I am posed with a scenario where a hot water solar thermal system has been setup. The system comprises of a cold water tank, heating arrays and then a hot water tank. The system is closed loop and water always keeps recirculating. The system uses CPC Evacuated vacuum tubes in the link below:


As a part of the system's primary loop, water is drawn from the cold water tank, passed through the array and it arrives into the hot water tank.

Now the secondary loop is used to consume the energy and cool down the water in this process. In the secondary loop, Water is drawn from the hot water tank, passed via a heat exchanger and it arrives back into cold water water tank.

If the heat demand from the secondary loop is consistant and higher then the supply, everything works in harmony and the hot water tank temperature stays in control.

The problems comes in when the secondary loop no longer requires heat energy(due to a downstream low demand). Since the primary loops keeps generating energy, water in the hot water tank exceeds 95C and drain procedures are activated to prevent steam generation/excessive pressures.
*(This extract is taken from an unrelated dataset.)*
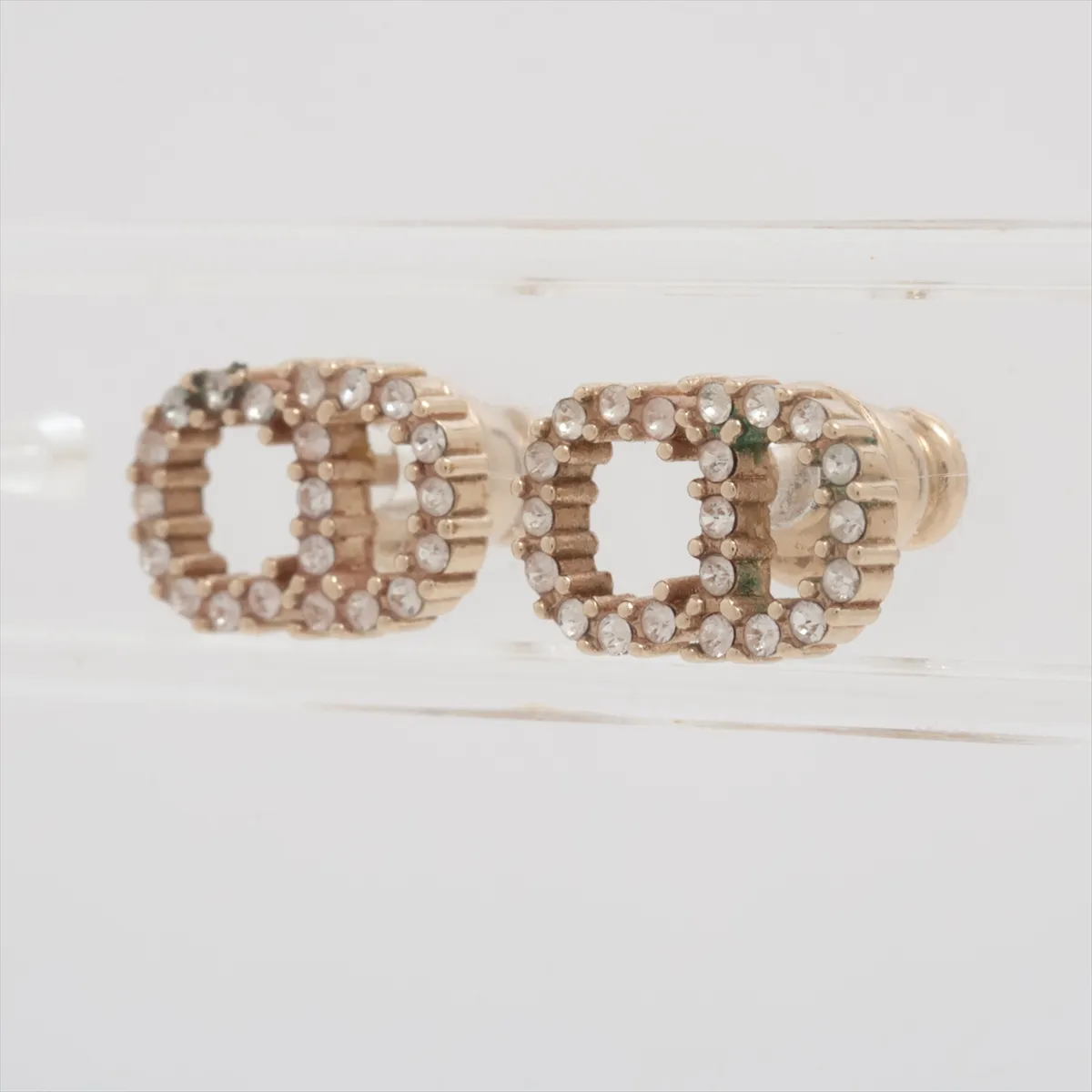 CD logo earrings (for both ears), gold-plated with rhinestones. Shows wear, tarnishing, — view 3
The problem is exagerated by the fact that the downstream system's demand pattern is very inconsistent and the demand maybe zero for several days frequently(so I know the thermal system has been over designed but downsizing permanently is not an option)

Question: Considering the situation above, what is the safest way to stop power generation from the arrays.

My understanding is that just stopping the recirculation would cause hot water residing inside the vacuum tubes to heat up beyond boiling point and pop PRVs on the array. Over some time this would also mean the copper tubes inside the vacuum tubes would scale and deteriorate aswell. Is this thought correct?

A solution that came to my mind was to stop the recirculation when the hot water tank has very high temperature and use compressed air to purge the water stagnant inside the array? Is this a good idea?

If air purging could be practical, I wanted to understand if there is a type of valve that would allow water to go though while preventing compressed air to go through? If such a mechanical valve exists, water could be purged through different parallel arrays without investing into automatic valves per array.

Looking forward to hearing your thoughts on how would you tackle this problem.

  • $\begingroup$ water in the hot water tank exceeds 95C and drain procedures are activated to prevent steam generation/excessive pressures. To my understanding the water in the tank will never boil, that would mean that the incoming water already exceeds 100 °C and thus the water would evaporate in the feeding pipe. I guess the water is drained to prevent 95 °C water being fed to the solar panel and thus being heated too much there. Is the drained water replaced with cold water? This is just for my understanding, solar mike is on point with his answer if you want to reduce drained water amounts. $\endgroup$
    – idkfa
    Commented Feb 24, 2020 at 7:46
  • $\begingroup$ Can you post some actual numbers? What is the collector area, what is the flow rate in the primary loop. What does the thermal load vs time curve look like. Is this industrial, residential, what are you actually doing? $\endgroup$
    – Phil Sweet
    Commented Feb 24, 2020 at 11:47
  • $\begingroup$ Is there an expansion vessel present in the system? How is overpressure protection achieved? Are there air vent at all high points, automatic or manual? $\endgroup$
    – mart
    Commented Feb 24, 2020 at 12:05

1 Answer 1


I would not mess around like this at all.

I would make a secondary heat dump (old radiator in the garden, swimming pool...) and divert excess heat there.